You must be thinking: “been there, done that,” but have you really? Wooden textures may seem like a conventional choice, but they’re timeless for a reason. They’re cozy, attractive, and can make a space look absolutely comfortable. You can also have a lot of fun with their implementation. Want to know how? Let’s take a look:
1. Using it in patterns
Using wooden accents in conventional set ups can seem boring and repetitive, which is why it’s always better to introduce some patterns. These can be used in large or moderate amounts depending on the ambiance. You can even feature them on the furniture surfaces if in-built design elements seem like too much.

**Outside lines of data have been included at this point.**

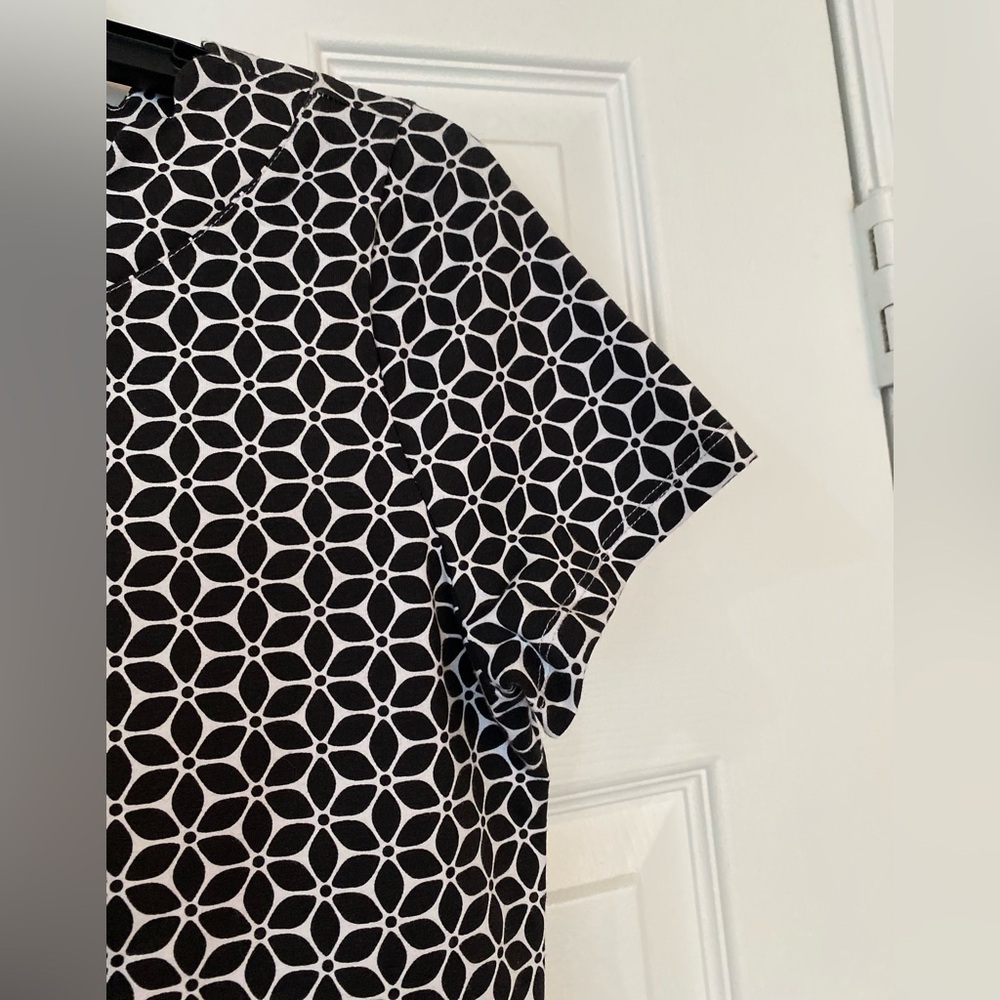 Anne Klein Black and White Fitted Short Sleeve Tee. Small. Adorable cotton NWT - Picture 7 of 11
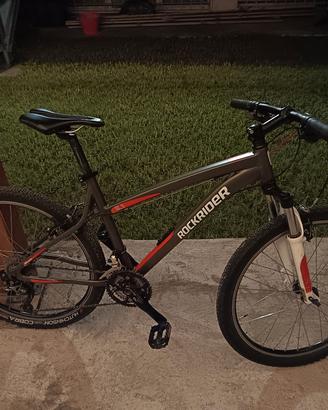 Mountain Bike Rockrider 5.1 con Upgrade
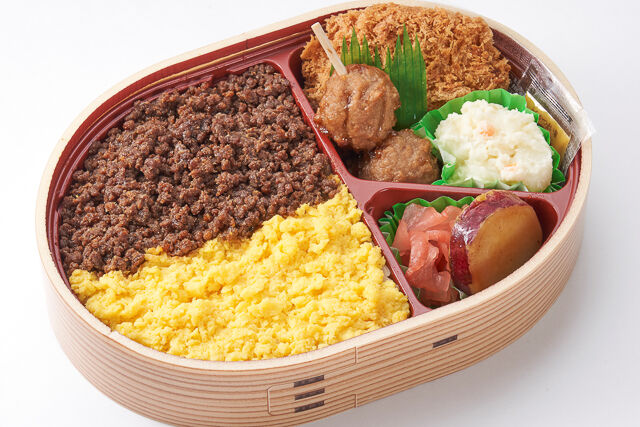 黒豚そぼろの二色弁当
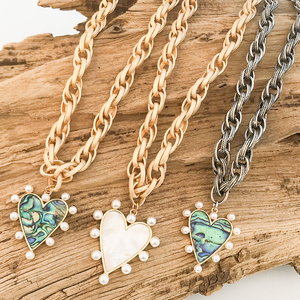 Pearl Studded Heart on Twisted Etched Chain
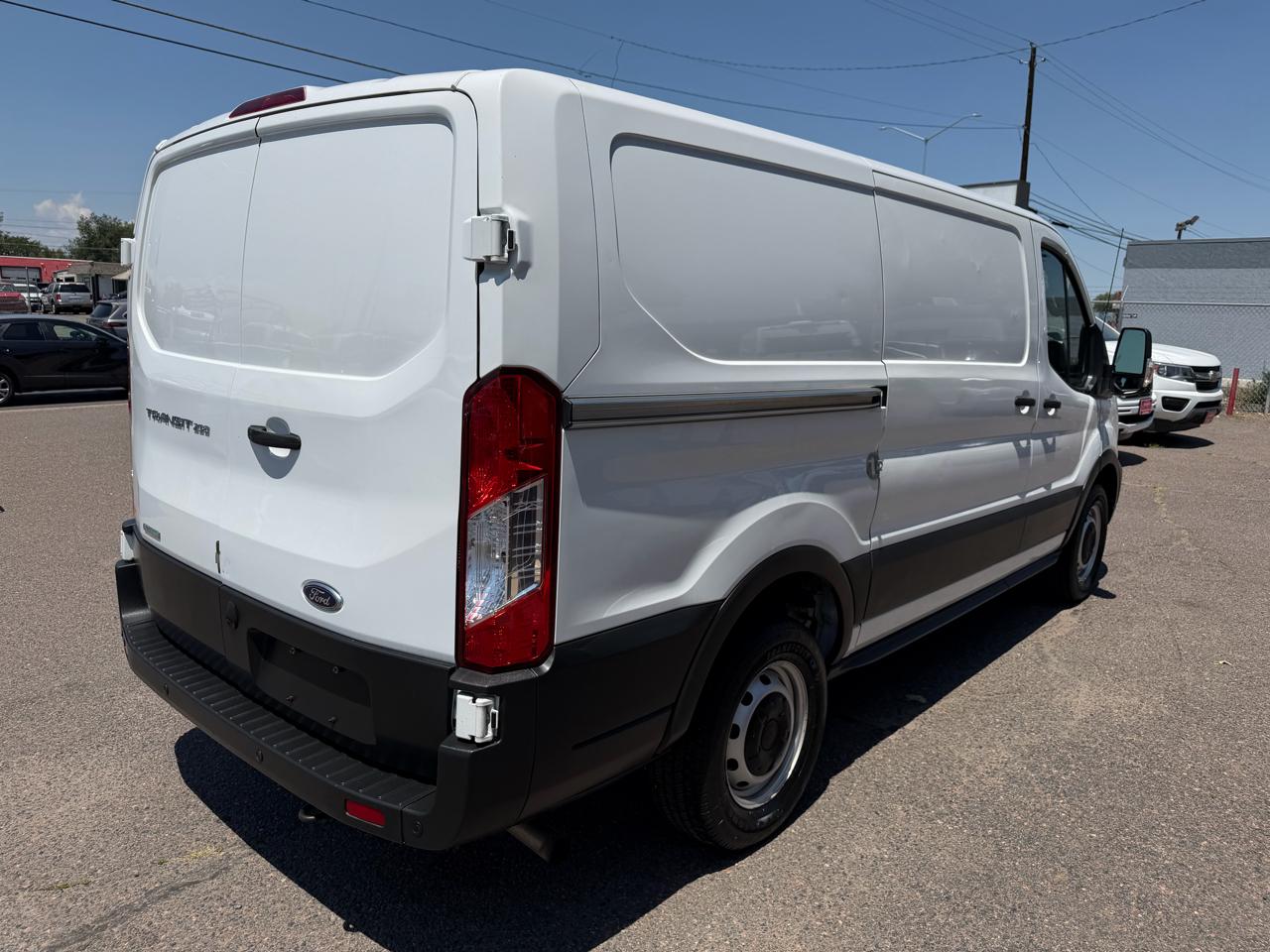 Ford Transit Cargo Van T-250 130" Low Rf 9070 GVWR RWD 2022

Herringbone pattern is a fan favourite and definitely attracts the eye when used in the right manner.
2. Creating tunnels
If you’re one of those homeowners who isn’t afraid to be a bit unconventional, then this idea is for you. Often times – especially in open-floor plans – you end up with spaces that are too large to be left useless. You can make them seem relative to the whole ambiance by creating a texture tunnel there, and wood is the best choice for the finish. Given the right choice of material, it can be sleek yet cozy at the same time.
3. Background accents
Another way to embellish with wooden accents is by using them only in the background. This seems like a successful tactic because relegating all the visual texture into the backdrop can actually make the foreground seem like a cozy place. Moreover, you can reduce the amount of visual clutter if you go by this rule.
4. As transition elements
Wooden textures make amazing transition elements. This basically means that if you have a design element or a wall that’s smack in the middle of two spaces, you can clad it with wooden textures to make it seem visually essential. If you don’t, then it’s simply going to end up looking redundant.
5. As a complementary element
The amazing thing about wooden textures is that they go well with everything – any colour, any accessory, fabric, upholstery, and more. Therefore, they have the potential to be used as a complementary design element with a lot of other features – be it beds, nightstands, sofas, or more.